Ever wondered what low-budget mainstream American cinema looked like before the teenage-doused, morbidly crude and down right cringe-worthy influence known as the “American Pie” comedy-drama that blossomed in the late 1990’s? Want to see a cast of now mostly forgotten stars in the annuals of time but during the 80’s were at the peak of their fame? Want to see the writer of the original Star Wars trilogy tackle a down-to-Earth comedy that deals with the concepts of loss, age, time and change? Then 1983’s The Big Chill may provide you with the simple human warmth needed to survive in what its advertising campaign described as “a very cold world”.
The Big Chill is a story about character, namely one character; the unseen and quite mysterious Alex (played by a young Kevin Costner, whose face incidentally was cut from the final print of the film) who commits suicide at a vacation house of his best friend Harold (Kevin Kline).
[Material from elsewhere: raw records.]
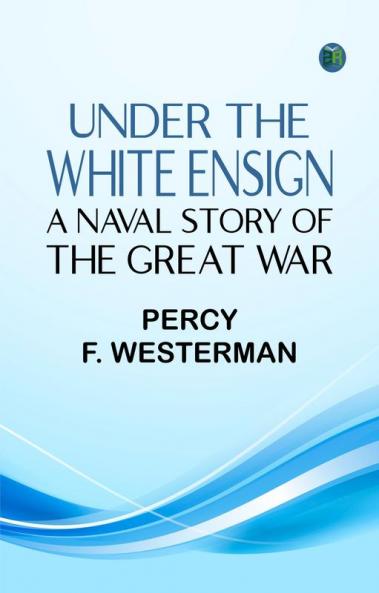 Under the White Ensign: A Naval Story of the Great War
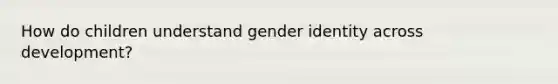 How do children understand gender identity across development?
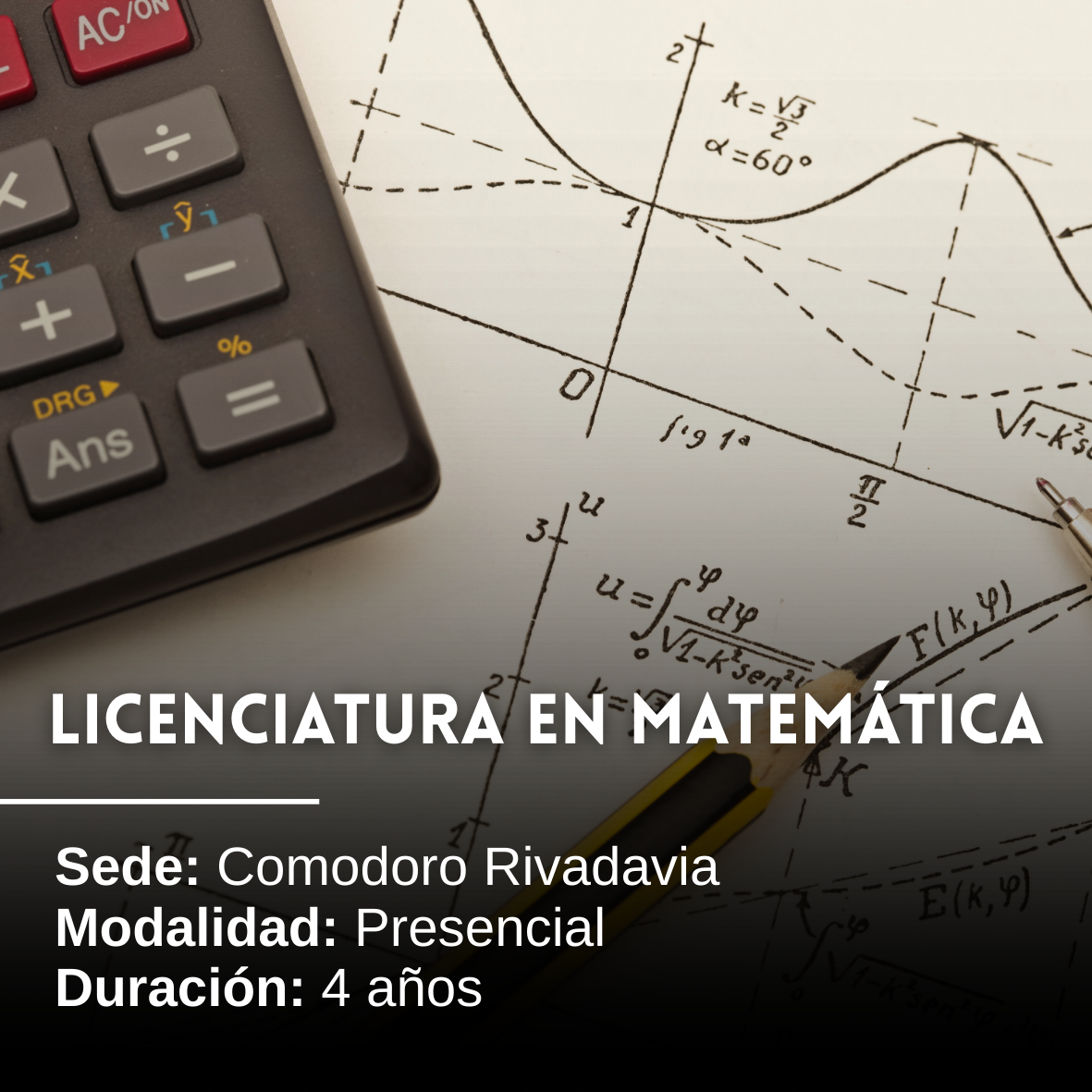 Licenciatura en Matemática: 4 años, Presencial, Comodoro Rivadavia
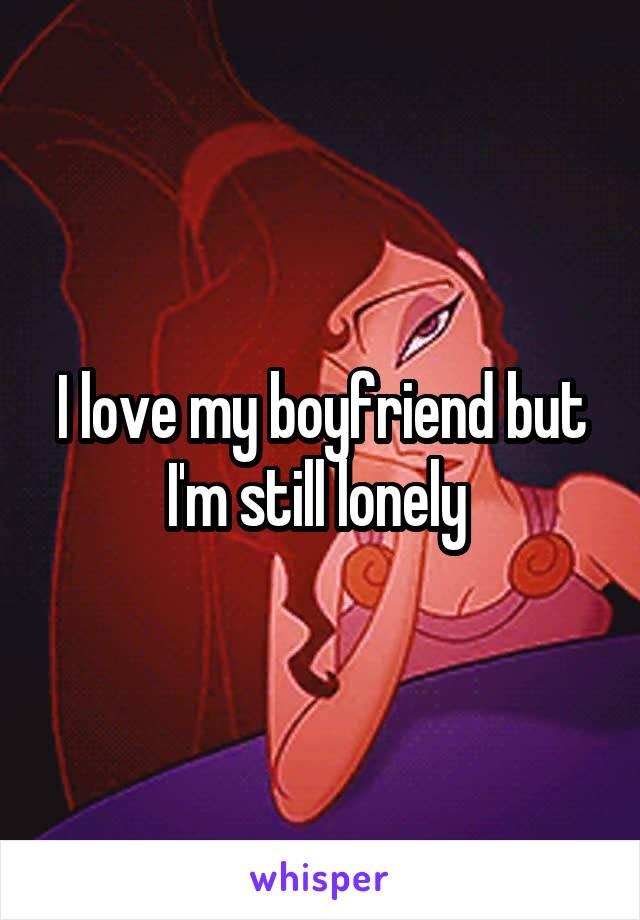 I love my boyfriend but I'm still lonely 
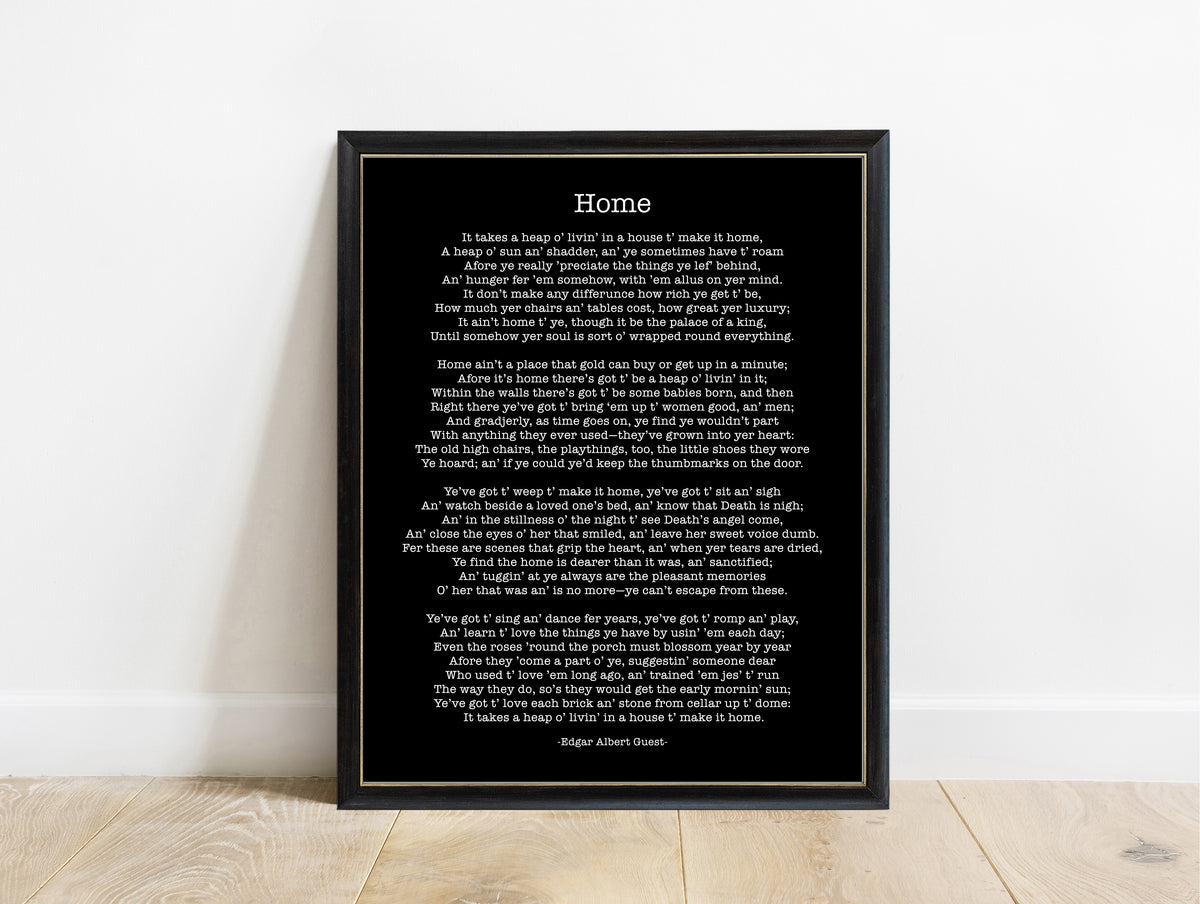 Edgar Guest Home poem print in a black frame, black background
What follows is the arrival of old time friends of Alex who gather at the small Bible-belt town of Beaufort, South Carolina for the funeral. In the aftermath Harold and his wife Sarah (Glenn Close) invite their old time university buddies to the vacation house for the weekend. An innocent enough gesture which slowly grows into a new revival of their friendship complete of course with rivalry, resentment, forgiveness and acceptance.
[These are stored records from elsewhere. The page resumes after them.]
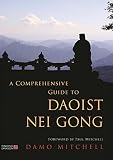 A Comprehensive Guide To Daoist Nei Gong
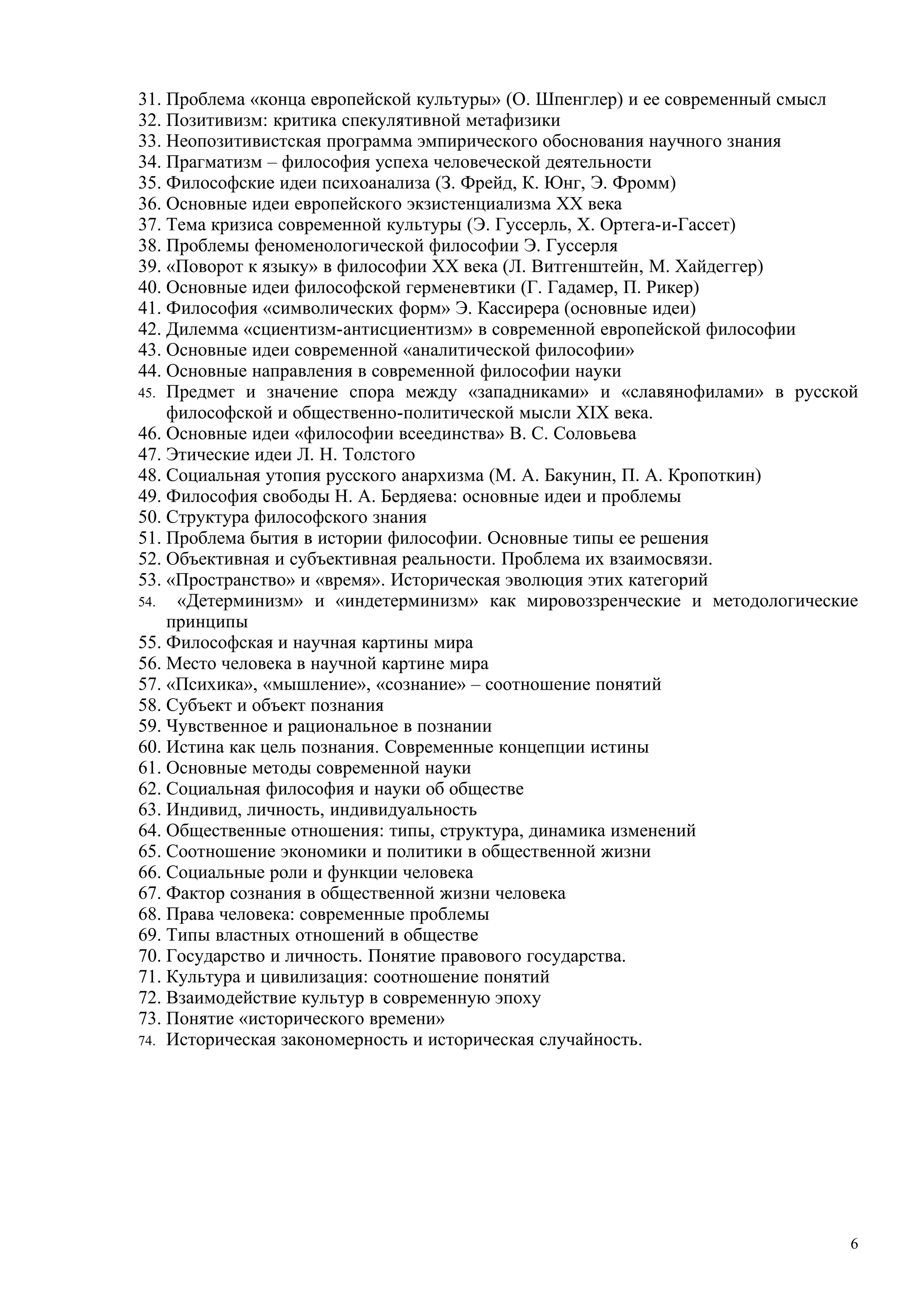 31. Проблема «конца европейской культуры» (О. Шпенглер) и ее современный смысл
32. Позитивизм: критика спекулятивной метафизики
33. Неопозитивистская программа эмпирического обоснования научного знания
34. Прагматизм – философия успеха человеческой деятельности
35. Философские идеи психоанализа (З. Фрейд, К. Юнг, Э. Фромм)
36. Основные идеи европейского экзистенциализма ХХ века
37. Тема кризиса современной культуры (Э. Гуссерль, Х. Ортега-и-Гассет)
38. Проблемы феноменологической философии Э. Гуссерля
39. «Поворот к языку» в философии ХХ века (Л. Витгенштейн, М. Хайдеггер)
40. Основные идеи философской герменевтики (Г. Гадамер, П. Рикер)
41. Философия «символических форм» Э. Кассирера (основные идеи)
42. Дилемма «сциентизм-антисциентизм» в современной европейской философии
43. Основные идеи современной «аналитической философии»
44. Основные направления в современной философии науки
45. Предмет и значение спора между «западниками» и «славянофилами» в русской
    философской и общественно-политической мысли XIX века.
46. Основные идеи «философии всеединства» В. С. Соловьева
47. Этические идеи Л. Н. Толстого
48. Социальная утопия русского анархизма (М. А. Бакунин, П. А. Кропоткин)
49. Философия свободы Н. А. Бердяева: основные идеи и проблемы
50. Структура философского знания
51. Проблема бытия в истории философии. Основные типы ее решения
52. Объективная и субъективная реальности. Проблема их взаимосвязи.
53. «Пространство» и «время». Историческая эволюция этих категорий
54.  «Детерминизм» и «индетерминизм» как мировоззренческие и методологические
    принципы
55. Философская и научная картины мира
56. Место человека в научной картине мира
57. «Психика», «мышление», «сознание» – соотношение понятий
58. Субъект и объект познания
59. Чувственное и рациональное в познании
60. Истина как цель познания. Современные концепции истины
61. Основные методы современной науки
62. Социальная философия и науки об обществе
63. Индивид, личность, индивидуальность
64. Общественные отношения: типы, структура, динамика изменений
65. Соотношение экономики и политики в общественной жизни
66. Социальные роли и функции человека
67. Фактор сознания в общественной жизни человека
68. Права человека: современные проблемы
69. Типы властных отношений в обществе
70. Государство и личность. Понятие правового государства.
71. Культура и цивилизация: соотношение понятий
72. Взаимодействие культур в современную эпоху
73. Понятие «исторического времени»
74. Историческая закономерность и историческая случайность.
The genius of Kasdan’s vision is in how naturally relaxed and gentle the films narrative passes by. Sequences featuring big stars like Jeff Goldblum, Glenn Close and William Hurt feel like fly-on-the-wall pieces where dialogue, timing and even performance itself appears as very natural, very human moments. The relationships each of these characters have weaved in and out of over the many years since their college days are a joy to listen to as many of the scene’s focus on the reminiscence of the now deceased Alex. What’s more, the way in which this group attempts to relate to each other again after so much time has passed is both quirky and sad as many uncomfortable moments are shared between the cast. The more touching points in the film however are very subtly hidden beneath the superficial dialogue that each character expresses during the many dining room sequences. This is where Kasdan and fellow co-writer Barbara Benedek’s knack for writing really shines out as each actor almost gleefully expresses their clever and often times cynical views.
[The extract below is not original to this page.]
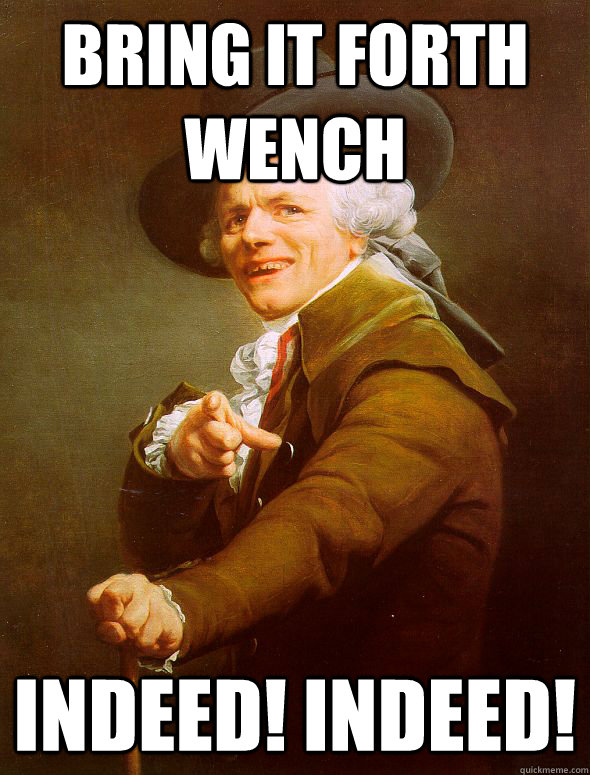 Bring it forth wench Indeed! Indeed!  Joseph Ducreux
Upon release The Big Chill was adored by critics and could arguably be considered the movie that started the coming-of-age trend of the 1980’s with “St. Elmo’s Fire” and “The Breakfast Club” following not long after. However the real mastery behind Kasdan’s craft was in how relatable the film would become to its portrayed generation and the generation of others. Kasdan speaks out about how disillusion he and his friends from college days of old became once entering the real, far more “colder” world to what they had imagined. Here in his script we see such realities bearing down on the characters, all struggling to survive and stay upbeat when really each one is clueless as to how best emotionally cope. Some may find Chill an outdated and perhaps even unoriginal comedy, however if you look past its age and conventions which have since been copied to death now you’ll find the real truth behind its humour. Despite my own age the generation I am part of and the ones before it can all relate to simple truth The Big Chill delivers. Whether you like it or not one cannot deny finding such real themes open and honest in what would otherwise be considered an absurd and rather slow comedy. Its perfection lies in how naturally real that slowness and absurdity feels.